There are several factors that lead to poor orchid growth. Correctly identifying the source of the problem is key to understanding how to treat them and avoid them in the future.
Over-Watering and Under-Watering
These are most often the two most commonly seen problems. Pot size and decayed potting media can play important roles in these issues.
Over-watering is the most common problem associated with poor performing orchids. Symptoms can look very similar to those of under-watered plants because it often rots the roots and therefore prevents them from taking up adequate amounts of water.
The first thing to do is to examine the roots of the plant. If the roots are rotted (soft, black and soggy) then chances are the plant is being over-watered. If the potting media is fresh and the pot size is not too large, then you will need to cut back on the frequency of your watering. Also, because the rot is often associated with a bacteria or fungus, you may need to drench the plant or pot with a good fungicide or bactericide. See “Common Orchid Diseases” for more information.
Under-watered plants often exhibit limp or withered leaves and withered stems or bulbs. This happens because the plant is not getting enough water to keep the leaves, bulbs, or stems turgid.
If the pot is not too small for the plant and the roots are in good health (white and firm), then this is easily remedied by watering the plant more frequently. Remember that Cattleyas and Dendrobiums like to dry between waterings.
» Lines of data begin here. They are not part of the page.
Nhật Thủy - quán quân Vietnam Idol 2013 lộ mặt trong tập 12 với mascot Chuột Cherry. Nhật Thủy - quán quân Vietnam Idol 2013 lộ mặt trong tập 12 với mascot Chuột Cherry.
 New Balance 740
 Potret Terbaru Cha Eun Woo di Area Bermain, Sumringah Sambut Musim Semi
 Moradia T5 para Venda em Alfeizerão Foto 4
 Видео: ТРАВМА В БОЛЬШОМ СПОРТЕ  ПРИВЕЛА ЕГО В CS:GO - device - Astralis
Once the potting media dries out, you should water the orchid promptly. Do not let the orchid stay dry for a prolonged period.
Also, realize that larger pots tend to stay wet longer than smaller pots. One trick to learn is to lift the pot up when it is ready to be watered and note the weight of the pot. Now, water your plant thoroughly and let it drain for 5 minutes, then lift the pot up and again note the weight. The difference in pot weight is noticeable and, over time, this can be a quick and easy way to tell when your plant requires watering.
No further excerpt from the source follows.